The question is, if he had known what a fuss there would be, what would he have done differently? Would he have insisted that the ban on tobacco sponsorship should apply to Formula One along with every other sport? He says not, although there has been a bit of squirming on this, and a hint of another policy S-bend. It is possible that the Government might seek to give motor racing 10 years to go smoke-free, rather than an open- ended exemption.

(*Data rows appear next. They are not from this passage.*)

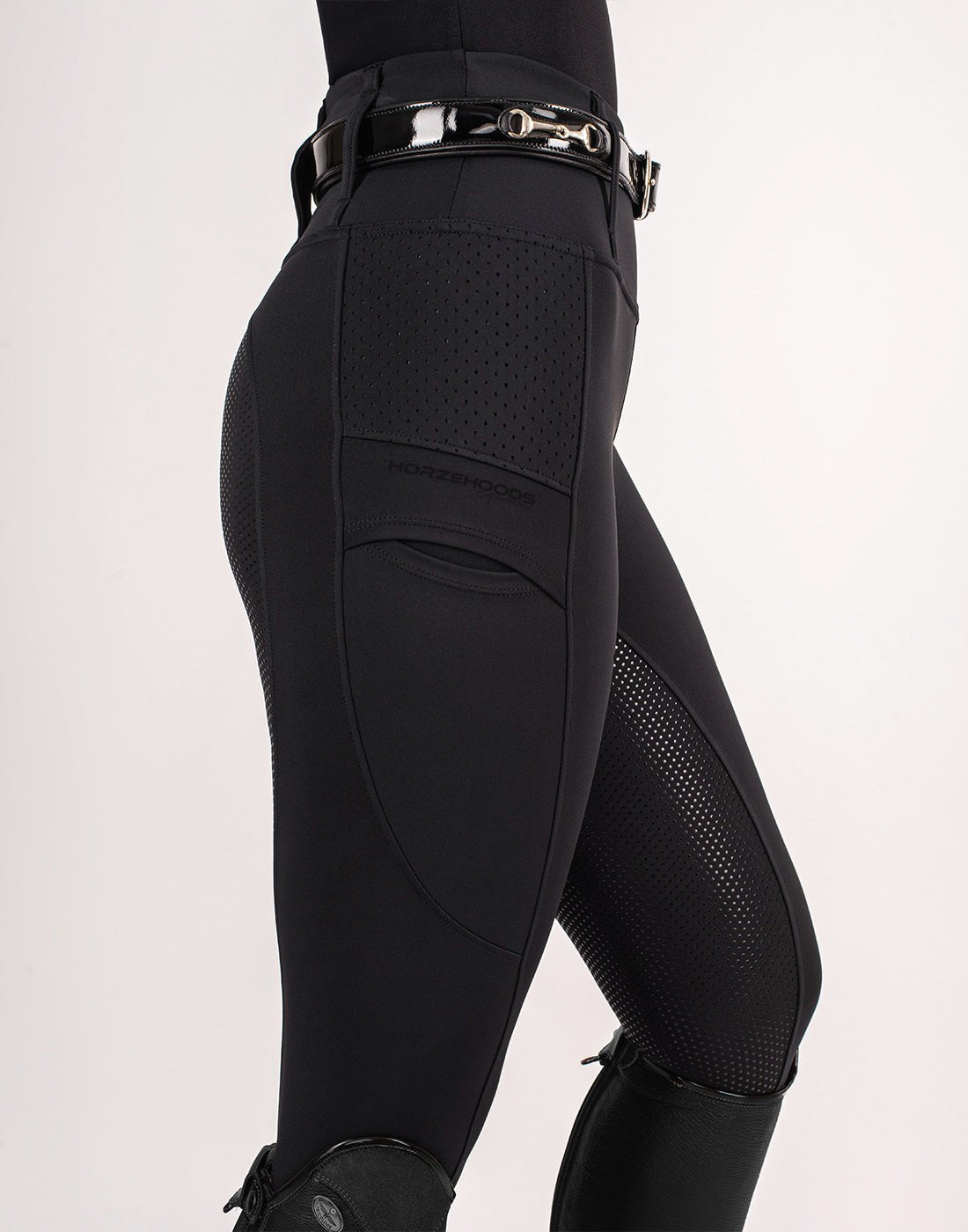 HORZEHOODS® Black V-Seam Air2 Riding Leggings - Breathable Equestrian Tights
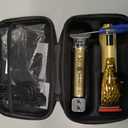 FADEKING Professional Hair Clippers for Men - Cordless Hair Clippers, LCD Display Barber Clippers for Hair Cutting & Mens Grooming with Travel Case (Gold+Bronze)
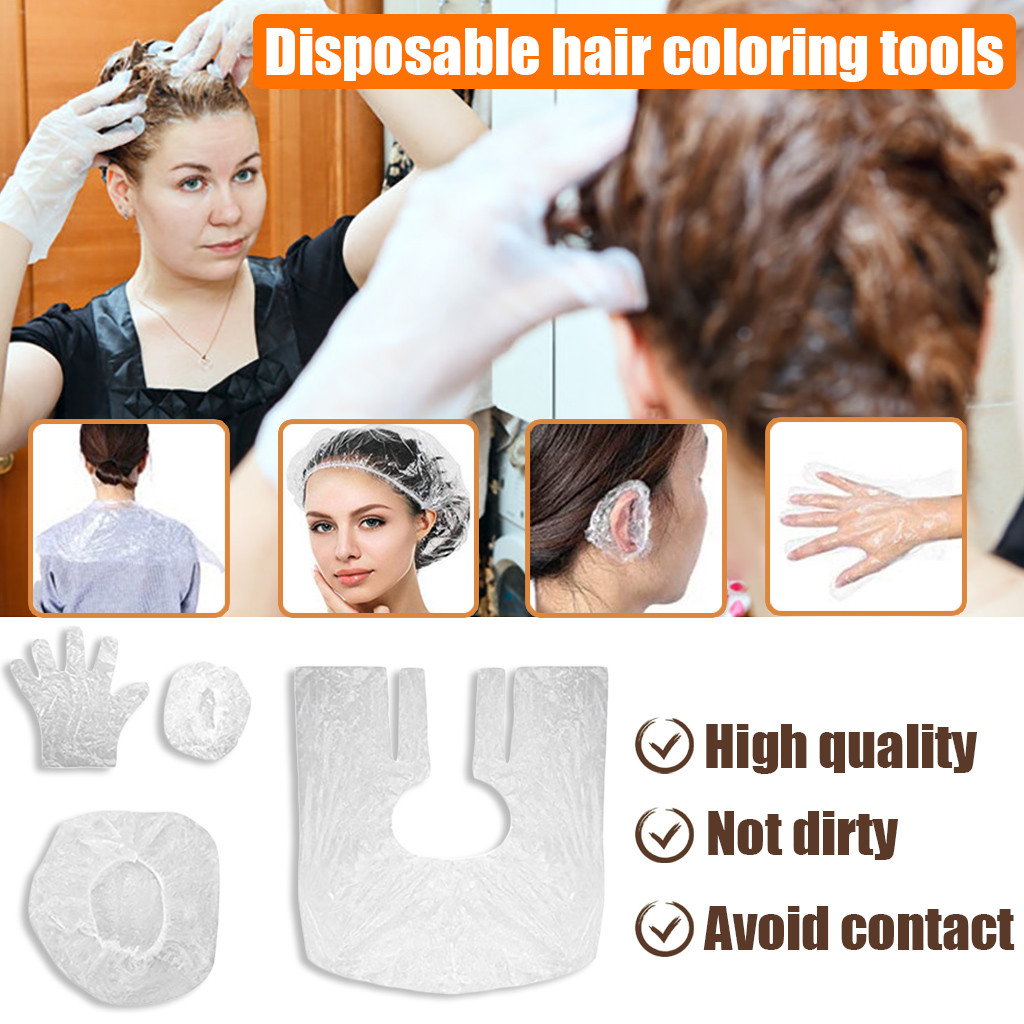 Unissex quatro conjuntos de touca de chuveiro descartável earmuffs luvas xale girth ferramentas 20 pçs quatro peças de corte de cabelo barbeiro cabo barbeiro ferramentas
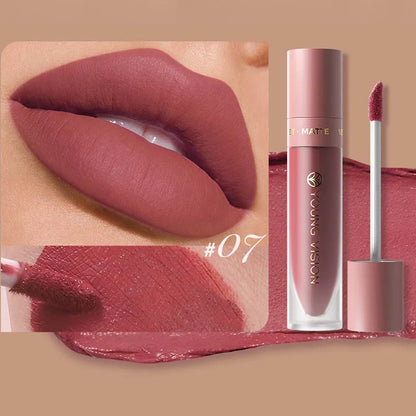 8-Colour Matte Velvet Lip Gloss – Waterproof, Plumping & Long-Lasting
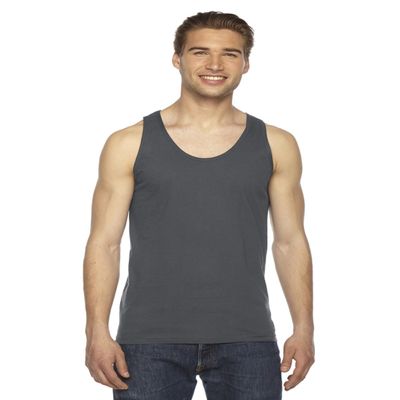 American Apparel Men Fine Jersey Tank Size M Asphalt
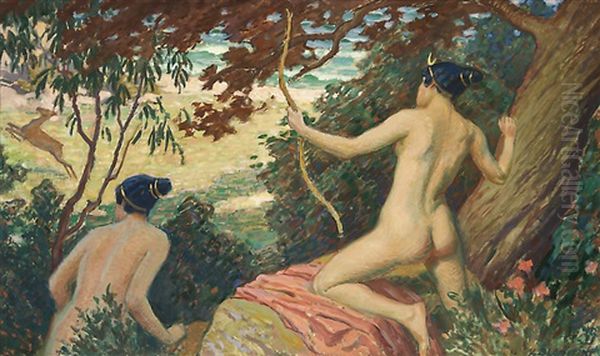 Diana And Nymph Oil Painting by Vaeinoe Alfred Blomstedt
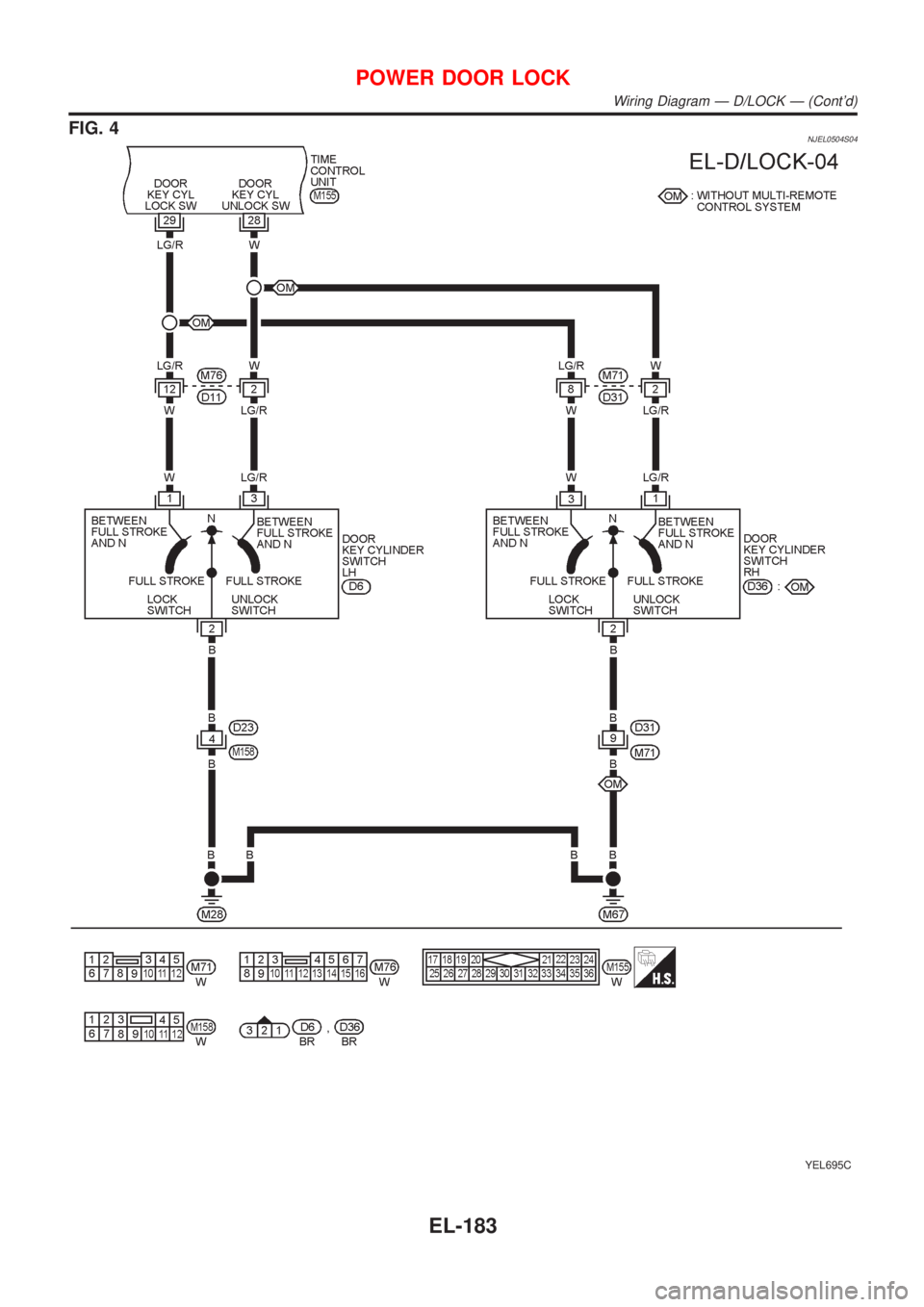 NISSAN ALMERA N16 2001 Electronic Repair Manual FIG. 4NJEL0504S04
YEL695C
POWER DOOR LOCK
Wiring Diagram Ð D/LOCK Ð (Contd)
EL-183 NISSAN ALMERA N16 2001 Electronic Repair Manual FIG. 4NJEL0504S04
YEL695C
POWER DOOR LOCK
Wiring Diagram Ð D/LOCK Ð (Contd)
EL-183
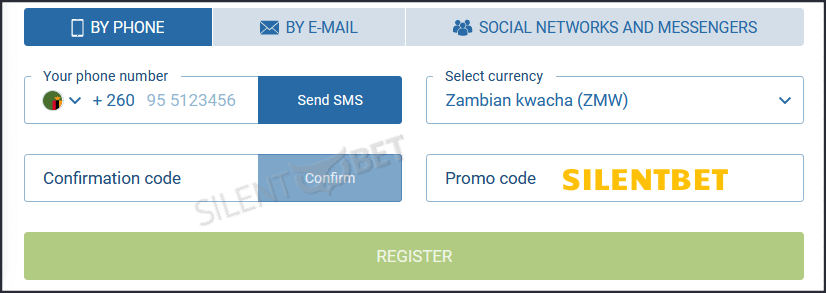 1xbet Zambia registration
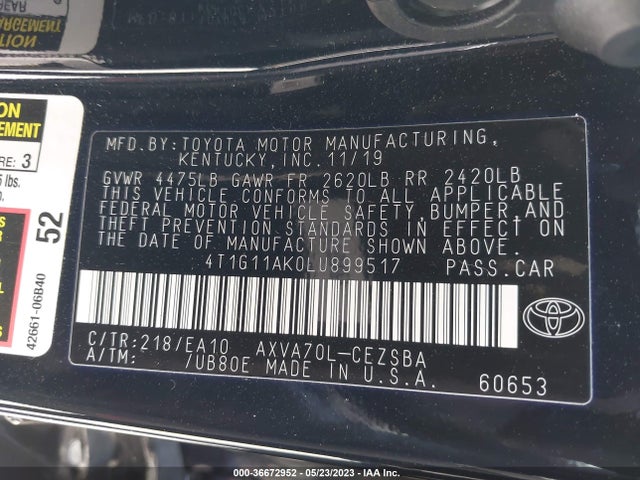 Toyota CAMRY SE 2020 4T1G11AK0LU899517 Image 10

Would he have refused to meet Bernie Ecclestone, who had given Labour pounds 1m, and, the Prime Minister told On The Record yesterday, who had "made a firm commitment to further donations"? No, he said. "It would have been bizarre if the bloke had been in a worse position as a result of donating to the Labour Party." No, it wouldn't. That is precisely what happens when you avoid giving the appearance of a conflict of interest. Douglas Hogg, for example, turned down a job as a Treasury minister because his wife was an economics journalist. Shutting the door of No 10 to Mr Ecclestone would have been no more bizarre than Labour being pounds 1m worse off for having changed its policy in a way that suits the Formula One magnate. As the wags have pointed out, Mr Ecclestone got a real bargain: the U-turn he wanted and his money back.

Would the Prime Minister have sought the advice of Ethics Man, Sir Patrick Neill, any earlier? No, because that had been done "immediately". Let us not quibble: the letter to Sir Patrick went four days after the decision to exempt Formula One was taken, during which time Tessa Jowell was being hung out to dry over her husband's motor-racing interests and press officers were allowed to deny knowledge of donations from Mr Ecclestone. The point is that Sir Patrick's predecessor, Lord Nolan, should have been consulted before the decision was taken. Mr Blair wrote to Frank Dobson, the Secretary of State for Health, the day after his meeting with Mr Ecclestone to ask for the special problems of Formula One to be considered. If he had handed back the money beforehand, the decision would have been seen to be impartial, although it would no doubt have been criticised on other grounds.

It is not simply the timing of the missive to Sir Patrick which was wrong, however, but its contents. Drafted by Jonathan Powell, the Prime Minister's chief of staff, and approved by Mr Blair himself, although signed by Tom Sawyer, Labour's general secretary, this is the "smoking letter" of the affair. It is a thoroughly evasive document. Mr Blair explained yesterday that he did not tell the Commons about the possibility of a new donation from Mr Ecclestone because by the time the letter was sent "I was focused on the original donation" of pounds 1m. On the contrary, the letter focuses on the "offer" of further money, in a doomed effort to steer Sir Patrick into letting the party keep the pounds 1m while confirming its decision to turn down further donations.

Mr Blair's understanding of the concept of a conflict of interest is, in its moral smallness, shockingly like the arrogance of Conservative ministers over the years. Of course it is better that the Labour party discloses the names of people and organisations that give more than pounds 5,000 up to 21 months after the event than not at all, which was the Conservative position. But none of what we know now was disclosed under these rules. It has been forced out of the participants in the same way that it might have been forced out of the previous government. And being forced to hand the money back after the decision does not testify to moral probity.

No one doubts that Mr Blair thought he was making a decision in the national interest. His public apology even had a kind of chorus yesterday, in the form of Tony Banks, the sports minister, who spoke of "naivety" and the unthinkability of prime ministerial corruption: "The man's so squeaky clean it's awesome."

But what would Mr Blair have done differently, if he had been given the chance? He did not say. In his interview, his plea was that of the transgressor through the ages. Trust me. I know it looks bad, but I am not like those other men. "I hope that people know me well enough and realise the type of person I am, to realise I would never do anything to harm the country or anything improper. I never have."

This is the kind of plea that loses its currency over time, as each successive layer of innocence is stripped away, and the love affair loses its magic.